Regarding the communalism propaganda about BJP in this election I read a very interesting article by Mr. Kanchan Gupta in Pioneer this Sunday http://www.dailypioneer.com/178123/Three-myths-and-an-election.html he has scrutinized the questionable role of the media in projecting BJP as a communal party and not displaying the correct picture to the people. He has talked about how the media labeled the BJP’s election manifesto as communal just because of 3 lines on 48 page manifesto said that “The BJP will explore all possibilities, including negotiations and judicial proceedings, to facilitate the construction of the Ram temple in Ayodhya”. This much was enough for the news channels to say BJP returns to core Hindutva.
Some are blaming Mr. Advani for BJP’s poll debacle. Their argument is, unlike Atalji Mr. Advani is not a widely accepted and popular leader. This election was not Advani versus Atal, but Advani versus Manmohan, and I don’t think that politician by chance is more popular then politician by choice. Moreover even if the Atalji factor is there, then why BJP lost last time, when it was Atalji all around?

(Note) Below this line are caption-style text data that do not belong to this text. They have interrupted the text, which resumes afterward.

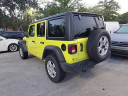 Thumbnail image of 2022 Jeep Wrangler Unlimited at Palmetto57Volkswagen - [New]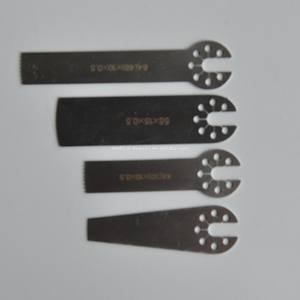 Ruijin Produsen Langsung Menjual 360 NS-2011 Gergaji Tulang Berosilasi, Ortopedi Dokter Hewan Berputar - Product Image 3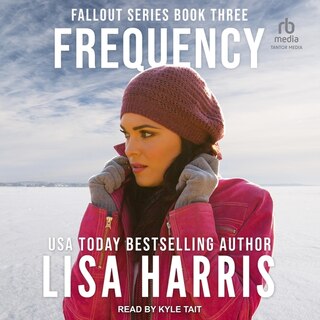 Front cover_Frequency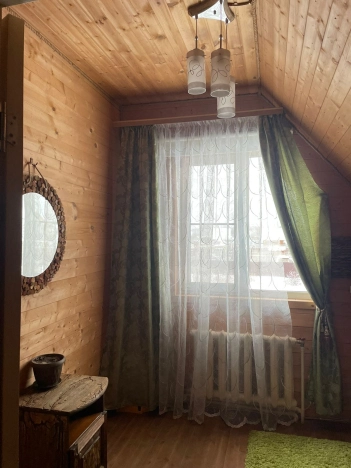 Купить дом в районе Калининский в Новосибирске. Вариант № 59837, 11, площадь -  квм, цена 5700000 рублей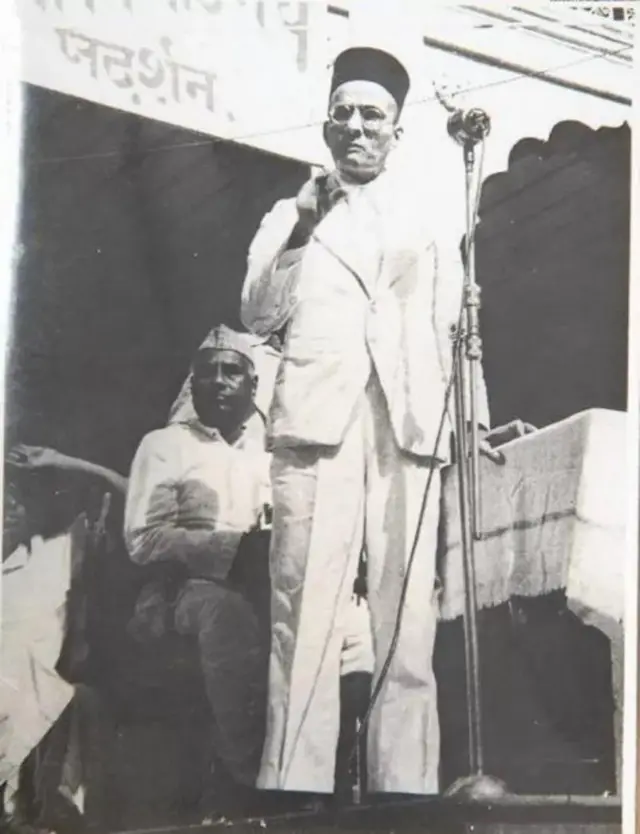 சாவர்க்கர்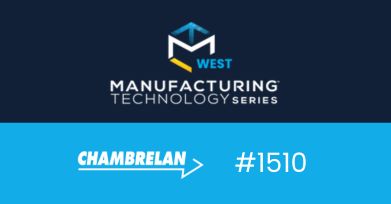 Chambrelan Inc sera présente sur le salon Westec à Anaheim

Then others say people voted for development over change; that’s good. Development should be the bases of voting and not some caste or religious calculation. But is the NDA’s record of development during 1998-2004 so bad that they didn’t deserved a second chance? The massive road building which NDA undertook in its regime was at an all time high of average 11 kms a day as compared to the UPA’s present less than 5 km daily average. The literacy rate during 1998-2004 increased from 62% to 67%, but rose to just 68% after that. Primary education [gross enrollment ratio] in 98-04 from 94 reached 110, but only to 114 in the next 5 years. Infant mortality rate decreased by 14 percentage point in NDA regime and only decreased by 3 percentage point during UPA. But then the same people have said that last time change was voted over development.
In the same article Mr. Gupta has very rightly said that no voting in India is taking place on the bases of development and good governance. Had that been the case then BJP would have won more seats in Gujarat; but then the justification comes as, there were few takers of Modi’s hatred campaign, although during the entire campaign he never said anything derogatory to anyone; media accepts this.
In a nut shell no one is sure about the voting behaviour of India. Predicting the election result or giving justifications about the result never holds any ground. You never know what is going in the mind of the voter, and what clicks to them. Many say Rahul Gandhi has clicked, but again this notion has many flaws.